Donald Trump’s threat to jail Hillary Clinton if he’s elected just underlined why he so admires that “strong leader” Vladimir Putin. No pesky checks on executive power when you operate out of the Kremlin. Send your opponents to Siberia and no one says “boo.”
But here’s what’s even more depressing in this ugly election season – the percentage of voters who cheer as Trump trashes the Constitution. In their anger at a system that appears broken, many Americans embrace Trump’s autocratic values. Even if the Donald loses, their loss of faith in democracy threatens our future.
So hats off to Khizr Khan for reminding us – yet again – about the danger of undermining democratic values.
Khan, you’ll recall is the Pakistani immigrant father of fallen Iraqi war hero Capt. Humayun Khan, who so eloquently denounced Trump’s stance against immigrants and Muslims at the Democratic convention – saying those views betrayed the tenets of the U.S. Constitution. (Trump then made derogatory remarks about Khan’s wife Ghazala, a Gold Star mother.)
This week Khizr Khan was asked on MSNBC about the low point of the second presidential debate, in which Trump vowed that Clinton would “be in jail” if he ran the country.
Clearly agitated, Khan spat out words that every American should repeat daily: “This is not the Congo. This the United States of America, a country of laws.”

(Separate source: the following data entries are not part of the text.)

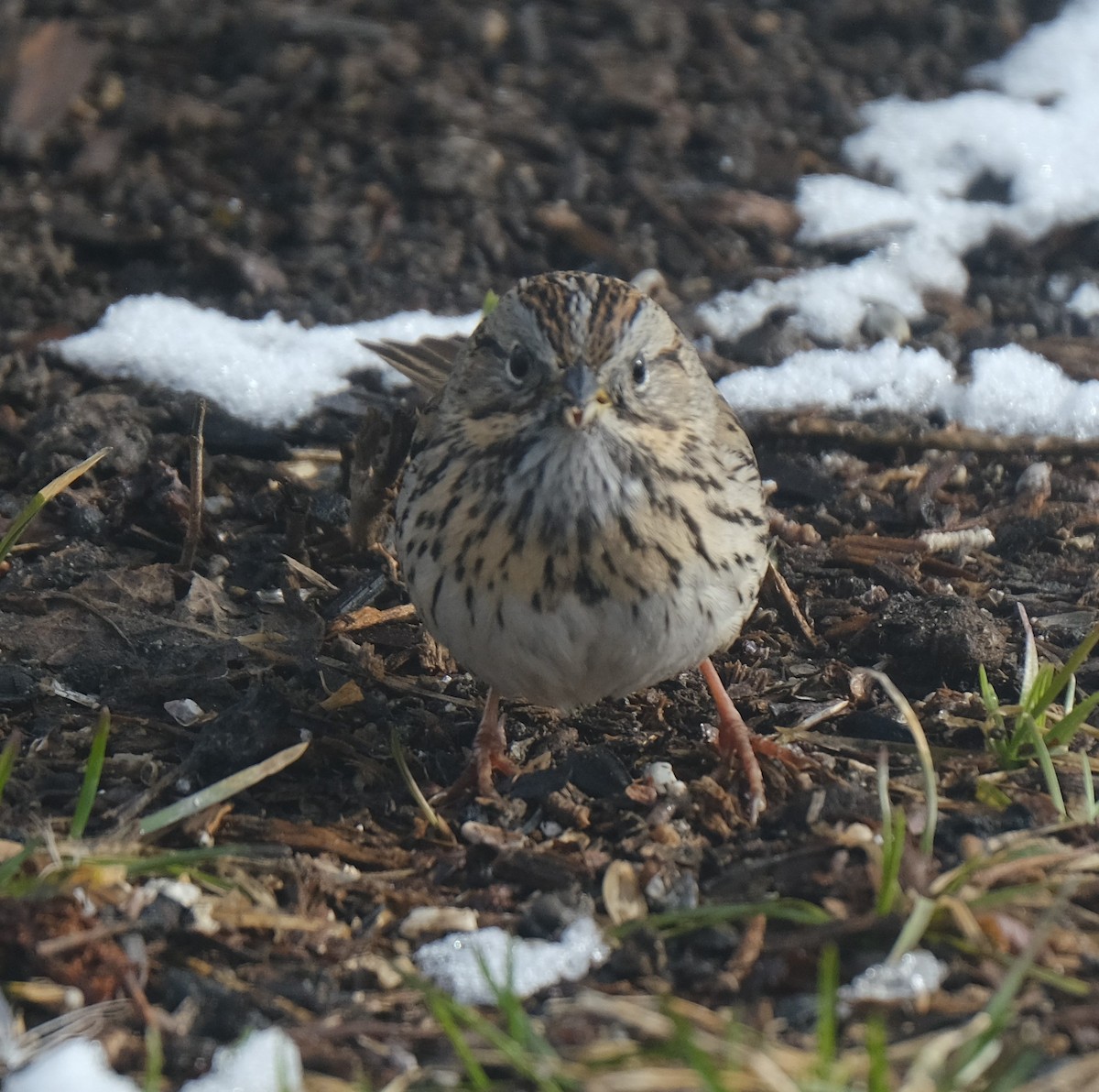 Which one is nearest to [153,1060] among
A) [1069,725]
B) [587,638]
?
[587,638]

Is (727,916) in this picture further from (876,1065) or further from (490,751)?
(490,751)

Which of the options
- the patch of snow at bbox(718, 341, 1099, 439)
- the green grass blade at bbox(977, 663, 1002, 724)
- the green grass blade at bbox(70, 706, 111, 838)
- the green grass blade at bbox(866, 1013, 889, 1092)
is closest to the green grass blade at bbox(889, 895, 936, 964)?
the green grass blade at bbox(866, 1013, 889, 1092)

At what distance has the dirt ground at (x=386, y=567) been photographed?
12.3 feet

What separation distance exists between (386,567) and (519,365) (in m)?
1.46

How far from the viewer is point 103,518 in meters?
5.85

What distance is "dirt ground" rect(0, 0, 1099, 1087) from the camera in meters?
3.76

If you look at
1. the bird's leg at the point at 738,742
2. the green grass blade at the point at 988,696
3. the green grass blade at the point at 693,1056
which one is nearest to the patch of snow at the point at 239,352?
the bird's leg at the point at 738,742

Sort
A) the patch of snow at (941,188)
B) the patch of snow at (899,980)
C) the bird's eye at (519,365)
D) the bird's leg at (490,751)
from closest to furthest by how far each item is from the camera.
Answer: the patch of snow at (899,980) < the bird's eye at (519,365) < the bird's leg at (490,751) < the patch of snow at (941,188)

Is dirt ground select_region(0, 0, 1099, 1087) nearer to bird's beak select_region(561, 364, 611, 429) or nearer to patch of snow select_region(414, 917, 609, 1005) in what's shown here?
patch of snow select_region(414, 917, 609, 1005)

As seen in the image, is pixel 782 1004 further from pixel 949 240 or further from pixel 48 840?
pixel 949 240

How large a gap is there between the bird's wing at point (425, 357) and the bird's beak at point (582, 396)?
182 cm

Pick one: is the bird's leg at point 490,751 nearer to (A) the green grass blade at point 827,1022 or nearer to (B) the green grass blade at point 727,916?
(B) the green grass blade at point 727,916

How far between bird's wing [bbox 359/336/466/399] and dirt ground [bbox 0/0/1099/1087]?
47cm

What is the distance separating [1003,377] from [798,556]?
1610mm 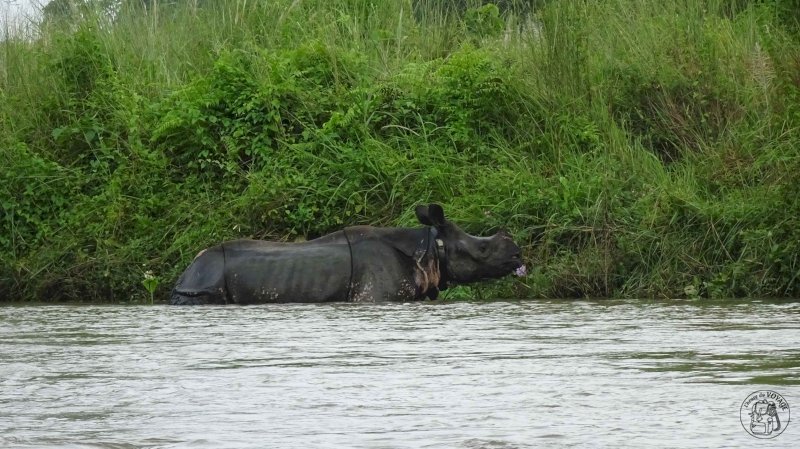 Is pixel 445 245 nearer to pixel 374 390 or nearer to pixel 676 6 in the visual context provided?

Unlike many Americans, immigrants like Khan appreciate what a difference rule of law makes, even when it is far from perfect in application. Khan emigrated from Pakistan, where the military overthrows civilian governments that displease it. Intelligence agencies operate with impunity and in cahoots with Islamist terrorist organizations, while critical journalists are beaten and sometimes killed.
So the Khans were thrilled to come to a country where the words “rule of law” had a meaning. “We believed in American democracy,” Khan told the convention. He pulled out a small pocket copy of the Constitution and asked whether Trump had even read it, including the words “equal protection of the law.”
Khan regularly distributes those pocket Constitutions to ROTC cadets in training to be military officers, and whom he hosts in honor of his fallen son.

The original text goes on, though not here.